El encuentro promete ser más que un acto protocolario. El diálogo entre ambos podría consolidar a Machado como interlocutora privilegiada de Washington en el nuevo escenario venezolano, mientras Trump amplía su influencia sobre el país caribeño en términos políticos y económicos.

El Nobel como símbolo y como mensaje

La mención del Premio Nobel de la Paz funciona como un elemento cargado de significado político. Machado no solo se presenta como líder opositora, sino como un referente reconocido internacionalmente, lo que le otorga un peso distinto frente a los actores regionales. Su intención de “compartir” el galardón con Trump puede interpretarse como una forma de reforzar alianzas y de proyectar gratitud ante quienes, según su visión, contribuyeron a debilitar al chavismo.

Trump, por su parte, aprovecha esa narrativa para apuntalar su discurso de éxito: en sus declaraciones, relaciona directamente su estrategia con el derrocamiento de Nicolás Maduro, cuya captura ordenó tras fracasar las negociaciones para que abandonara el poder.

El petróleo venezolano vuelve al centro del tablero

Más allá del encuentro político, Trump dejó claro que la Casa Blanca pretende asumir un papel central en la reconstrucción de la industria petrolera venezolana. “Vamos a reconstruir la infraestructura petrolera, vamos a ganar mucho dinero”, aseguró, en una afirmación que no oculta el interés económico que acompaña su postura sobre Venezuela.

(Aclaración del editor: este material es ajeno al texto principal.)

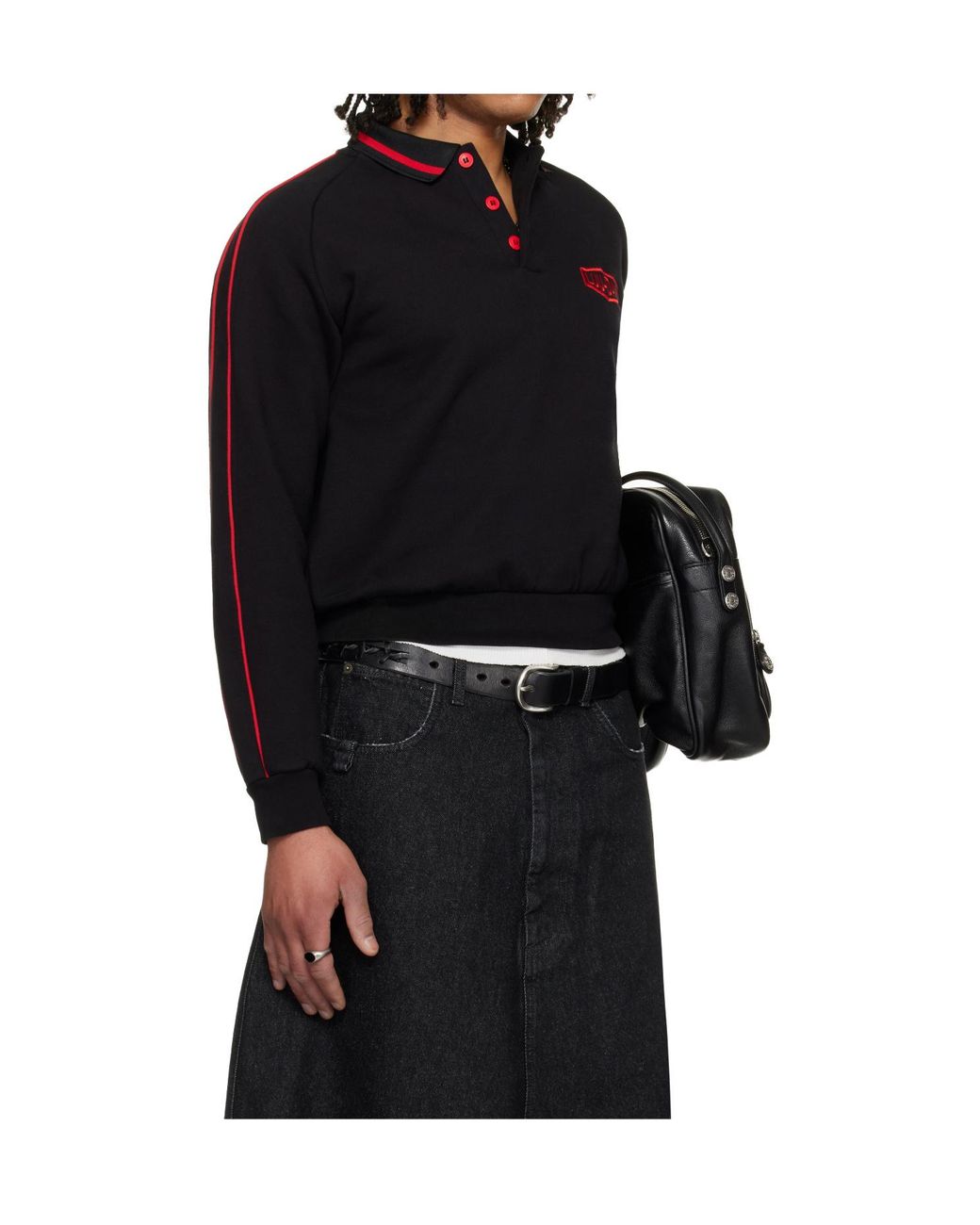 Lu'u Dan Black Pit Stop Long-Sleeve Polo Shirt for men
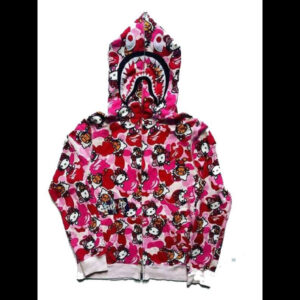 Hello Kitty Bape Pink Hoodie For Women 01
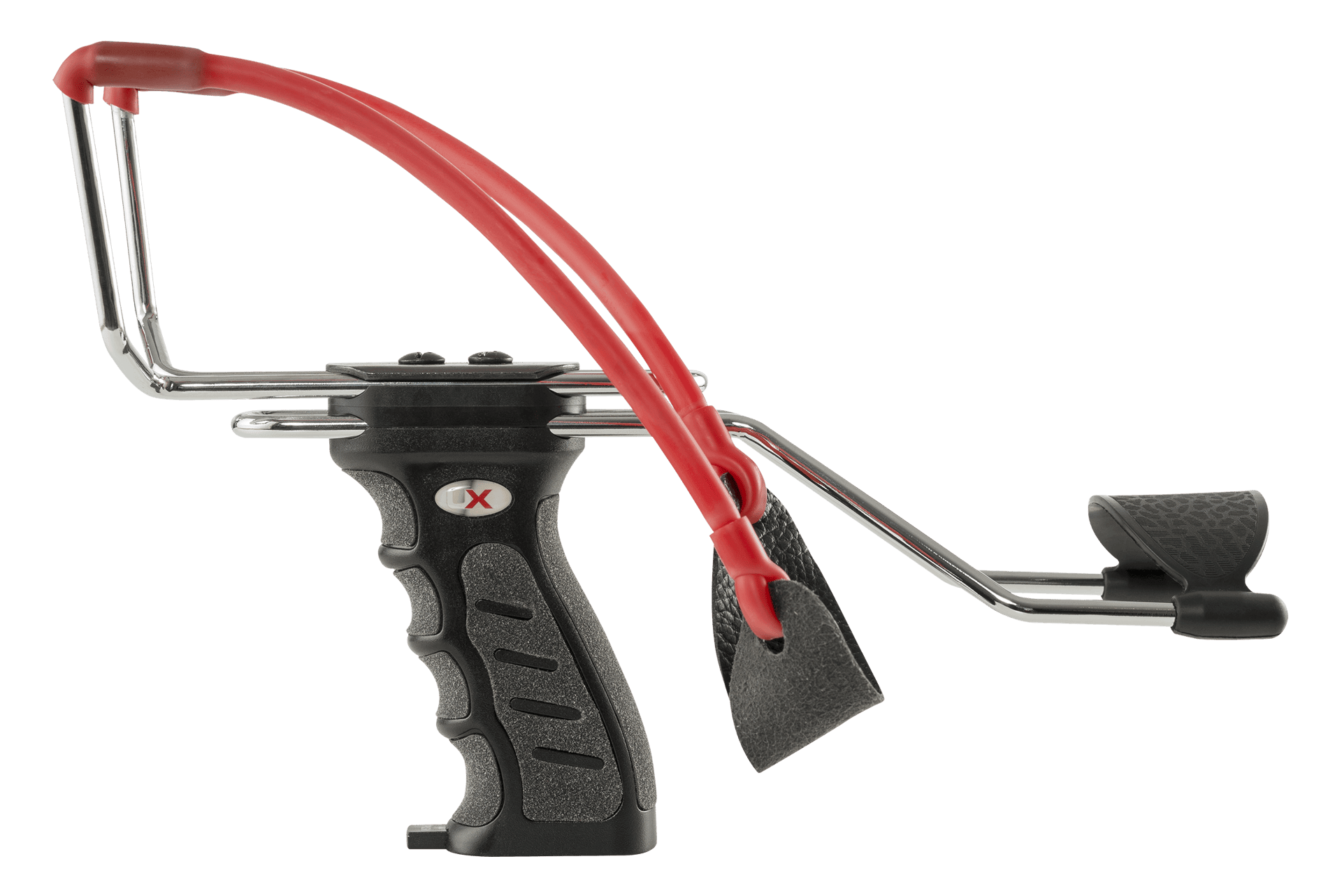 Black and red UX X-Shot slingshot with ergonomic grip and metal frame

El presidente anunció además que recibirá a líderes del sector energético estadounidense en la Casa Blanca, en una reunión destinada a discutir el futuro de las inversiones. Según sus propias palabras, “las catorce principales compañías vienen aquí mañana. Van a invertir 100.000 millones de dólares”. Aunque el anuncio busca transmitir determinación y confianza, también abre interrogantes sobre el alcance real de esa cifra y el tipo de acuerdos que Washington impulsará.

La intención declarada del gobierno estadounidense apunta a controlar la reactivación petrolera como herramienta de influencia. Para Trump, el acceso al crudo no es solo un asunto comercial: es parte de una estrategia de poder que pretende consolidar a Estados Unidos como actor decisivo en la nueva Venezuela.

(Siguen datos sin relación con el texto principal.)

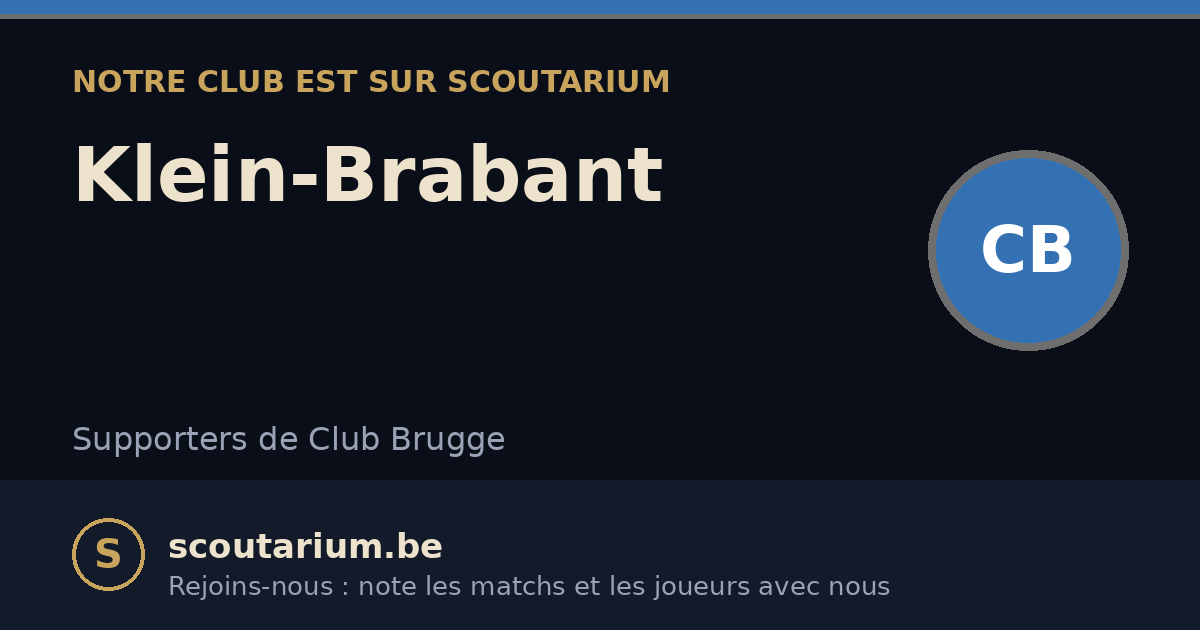 Notre club est sur Scoutarium : Klein-Brabant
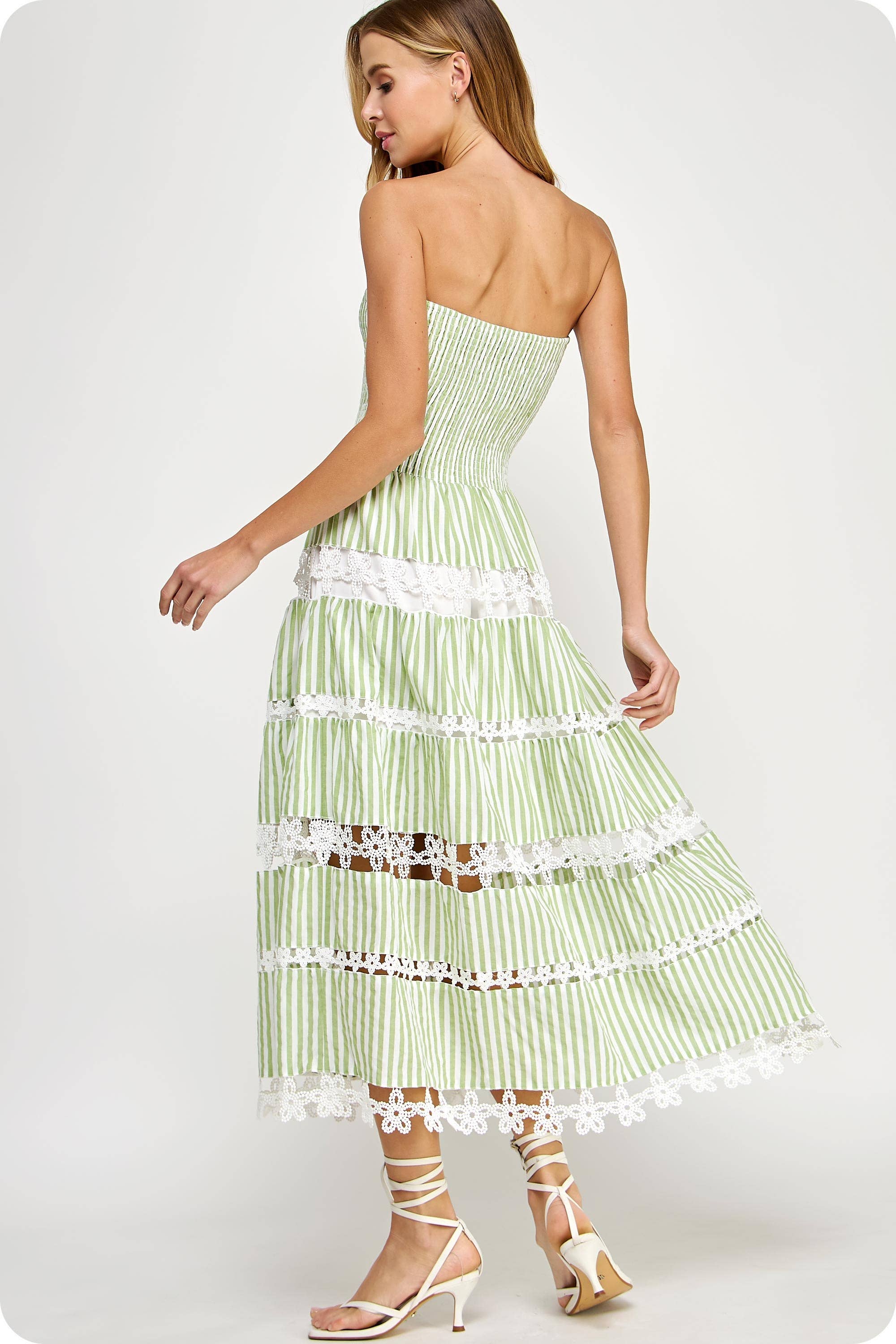 Striped Floral Lace Tube Dress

Elecciones en el horizonte, pero sin plazos inmediatos

Trump también abordó la posibilidad de que Venezuela retorne a las urnas, aunque sin prometer una fecha concreta. “Una vez estabilizada la situación… habrá elecciones de nuevo. Estoy seguro de ello. Pero va a tomar un tiempo”, sentenció.

Esa frase introduce un mensaje clave: para Washington, el objetivo inmediato no sería un proceso electoral rápido, sino garantizar primero un escenario de control y reconstrucción institucional. La incertidumbre se mantiene sobre cómo se organizarán esas elecciones, bajo qué condiciones se realizarán y qué rol jugarán figuras como Machado en la transición.

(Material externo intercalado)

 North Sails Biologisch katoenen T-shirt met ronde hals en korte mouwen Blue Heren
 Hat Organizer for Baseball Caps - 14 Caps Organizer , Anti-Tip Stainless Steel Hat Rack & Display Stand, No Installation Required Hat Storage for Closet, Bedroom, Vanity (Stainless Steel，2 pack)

Política, economía y liderazgo opositor en un mismo escenario

La visita de María Corina Machado a Washington se perfila como un hecho de alto impacto. El encuentro con Trump, sumado a la agenda energética que se discute en la Casa Blanca, muestra cómo el futuro de Venezuela se debate en múltiples frentes: la legitimidad política, la reconstrucción institucional y la disputa por el petróleo. Mientras Trump apuesta por una estrategia de influencia directa y promete inversiones gigantescas, Machado llega como símbolo de oposición reconocida globalmente, con un Nobel que ahora se convierte también en pieza de negociación y narrativa internacional.